# Family Benefits



## kevo (May 9, 2016)

Hello Everyone

I'm moving to Spain in July from France with the Wife and 3 children. Ill be starting my own business up as a plumber, but like when I started up in France 7 years ago I expect the 1st year to be slow, so My question is are there any family benefits (child benefit, tax credits) available during a low income year?
my wife cant find the answer anywhere.
I'm not looking for hand outs, just be nice to know how fast I have to hit the ground running. 
really looking forward to the next chapter and challenge in life but as any father of 3 young children, feeling the pressure :fingerscrossed:

thanks for any help!


----------



## thrax (Nov 13, 2008)

I have no idea what the benefits system is in France but here in Spain, if you are not Spanish then you should expect nothing. There are benefits but only once you have paid into the system for a period of time which you won't have done. I discovered recently that Spain pays child benefits under certain circumstances and that we qualify - but it is only €300 per year. I also know that when I am 65 I qualify for child benefit from UK (I am from UK).


----------



## kevo (May 9, 2016)

cheers for your response thrax.

Im from UK too originally. The french system is very similar to uk as in, if your a national of an eu state country, your entitled to the same benefits as long as your residing there permanently. I intend to go self employed from day 1, pay my taxes immediately and get the residency certificate, so from a legal eu citizen point of view I should be entitled to the same a Spanish citizen with 3 children are, as they would be if they moved to the Uk. 
or is it the case that Spanish nationals are not entitled to anything either. 
even 300 euros is a months tax back lol


----------



## jojo (Sep 20, 2007)

kevo said:


> cheers for your response thrax.
> 
> Im from UK too originally. The french system is very similar to uk as in, if your a national of an eu state country, your entitled to the same benefits as long as your residing there permanently. I intend to go self employed from day 1, pay my taxes immediately and get the residency certificate, so from a legal eu citizen point of view I should be entitled to the same a Spanish citizen with 3 children are, as they would be if they moved to the Uk.
> or is it the case that Spanish nationals are not entitled to anything either.
> even 300 euros is a months tax back lol


You get nothing from Spain, not even free healthcare unless you pay into the system - I guess thats how it is for spanish people too. To be self employed in Spain though you will get your healthcare covered and indeed after a certain amount of time you will be eligible for some form of benefits - but you do have to pay into the system by way of autonomo (self employment). I'm not sure how much it is - I believe there is a lower cost starting rate, but goes up over time??!

Jo xxx


----------



## kevo (May 9, 2016)

Cheers Jo

Looks like I've been having it too good then, a friend of mine in France pays over 40k in tax alone and still receives child benefit and a cheque once a year for 400-500 euros for a holiday courtesy of the French government, he does have 4 children, but i guess The French are trying to encourage bigger families. oh well looks like i wont be having siestas

:ranger:


----------



## xabiaxica (Jun 23, 2009)

There are tax breaks if you are self-employed - I know because I have had them as a self-employed widow supporting two children.

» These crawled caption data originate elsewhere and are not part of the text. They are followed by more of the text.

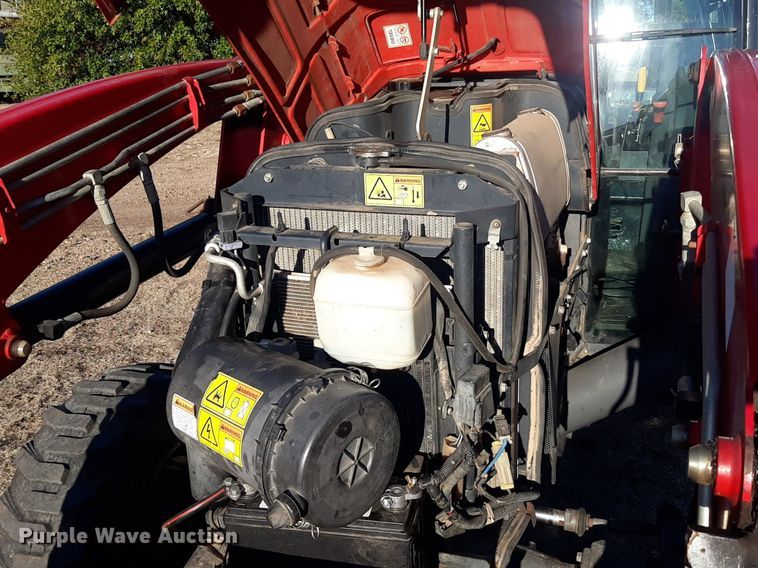 image for item LX9806 2011 Massey Ferguson 1648  tractor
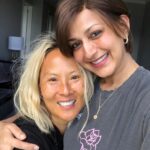 Sonali Bendre Instagram - Sometimes, in the most unlikely of circumstances, you meet the most amazing people... someone who meets you as a stranger but very quickly becomes a friend. One such person is @bokheehair, genius hairstylist and wigmaker. She has been absolutely amazing; indulging me with various looks... short hair or long hair. She’s been so understanding, supportive and empathetic throughout it all. Thank you so so much Bokhee, I can’t tell you how much our sessions together mean to me. You truly are an angel. #SwitchOnTheSunshine 🌞🤞🙏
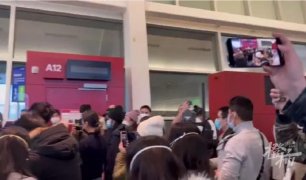 美赴華航班中途突然返航!上百中國旅客被困西雅圖,多人簽證過期、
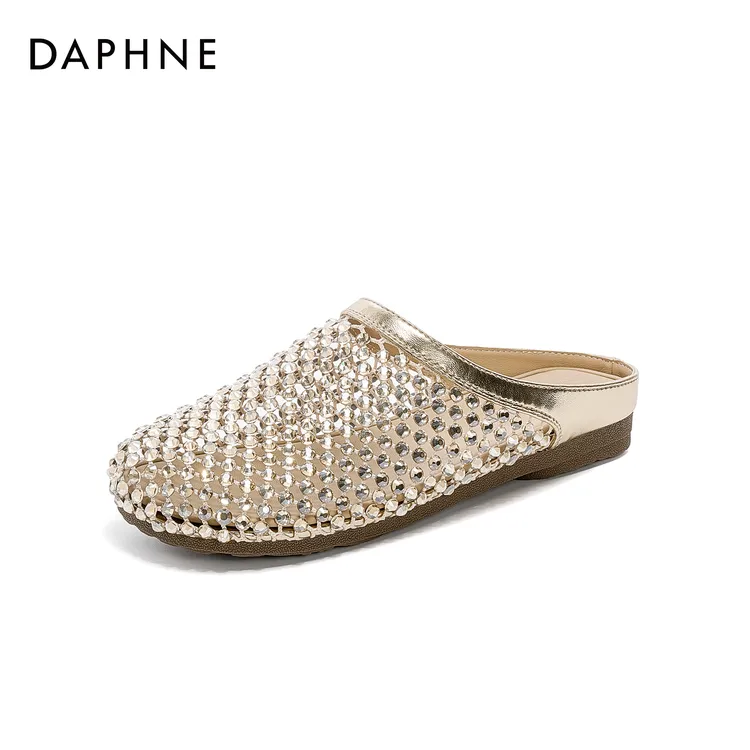 达芙妮包头拖鞋女2025新款夏超火镂空外穿百搭休闲防滑包头拖鞋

I don't know exactly how it works, because my gestor deals with it, but there aren't 'benefits' as in 'hand outs' as such - no 'child benefit' payment


----------



## kevo (May 9, 2016)

Tax breaks!! Sounds good!!
I've just found a page that says its ?291 per child if the household income is below ?17000 

Also just read that Spain as bit of a baby crisis and by 2050 the population will of shrank to 35m
Which leads me to wonder who's gonna be working and paying the pensions for all the over 100 year olds who have been enjoying the great health system! 

Tongue in cheek!


----------



## Pesky Wesky (May 10, 2009)

kevo said:


> Tax breaks!! Sounds good!!
> I've just found a page that says its ?291 per child if the household income is below ?17000
> 
> Also just read that Spain as bit of a baby crisis and by 2050 the population will of shrank to 35m
> ...


Tongue in cheek, no. It's the truth,
I'm planning on only having an absolute minimum pension from the government and am trying to save now.


----------



## pablo1 (May 9, 2016)

kevo said:


> Tax breaks!! Sounds good!!
> I've just found a page that says its ?291 per child if the household income is below ?17000
> 
> Also just read that Spain as bit of a baby crisis and by 2050 the population will of shrank to 35m
> ...


Hello! We are in a very similar situation as you!

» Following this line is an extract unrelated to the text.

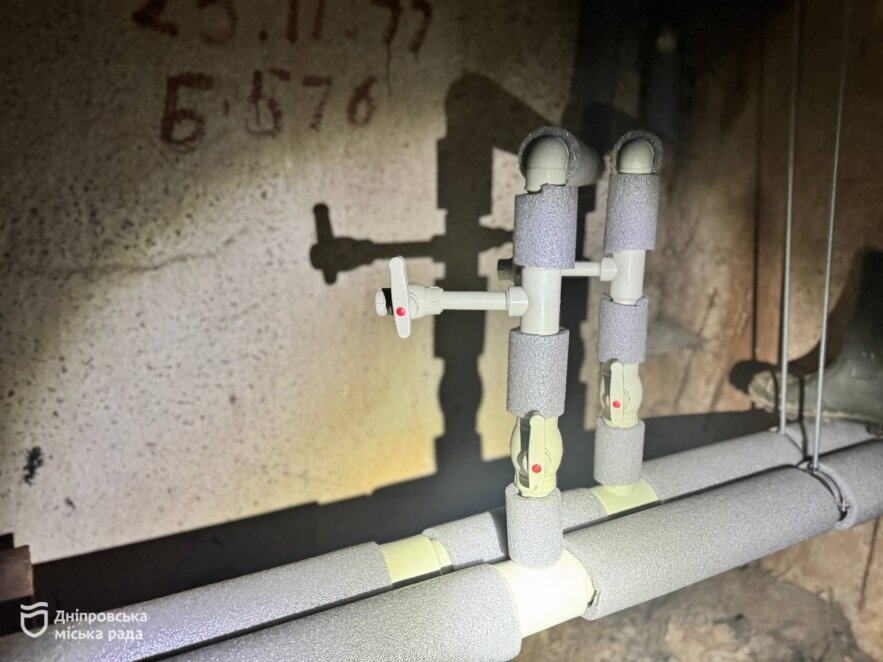 Нова система опалення та вимощення: у Дніпрі виконують аварійні ремонти у житлових будинках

Yes, tax breaks do exist for children however they are not like UK/France where you receive money on a monthly/bi-annually basis/bonus payments!

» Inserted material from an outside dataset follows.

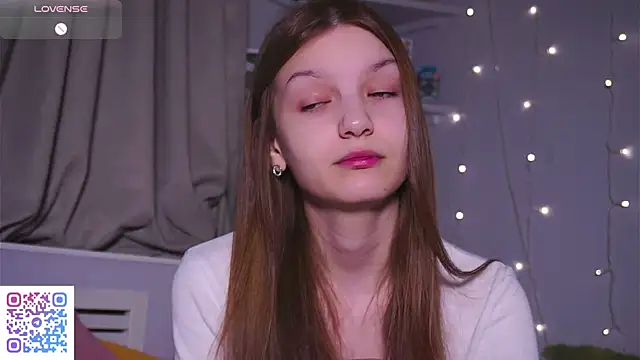 OpsieBoobsie online show from April 13, 2026, 5:22 am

Now I assume you are going to be the bread winner in the family? Well, your personal allowance for 2016 is 5500 euros.

I don't know how old your children are but lets assume they are all under 18. The first born child can get 2400 euros tax free allowance per year.

The second child can get 2700 euros tax free allowance per year, the third child can get 4000 euros tax free allowances per year.

Each additional child attracts 4500 euros extra per year, a good example is my sister in law, she has 12 children and herself/husband don't pay any income tax at all!

So lets recap - 5500 + 2400 + 2700 + 4000 = around 14.6k, you would need to earn a GROSS income of around 14k euros a year before you pay any tax.

Self employment tax, yes it's very expensive to be self employed in Spain. The minimum cost is 250 euros a month but that covers all your family health provisions and if you pay in 15 years you will get a pension when you retire. If you pay a bit more into the system it will allow you to have dole after 12 months. I think the going rate is around 270 euros depending on occupation each month.

However, it does seem very expensive for a new business in Spain. Yes it does, but for a new business you will not pay the full amount for the 1st year. I think the amount is 60% discounted. I will need to check my paperwork to find out how much it was.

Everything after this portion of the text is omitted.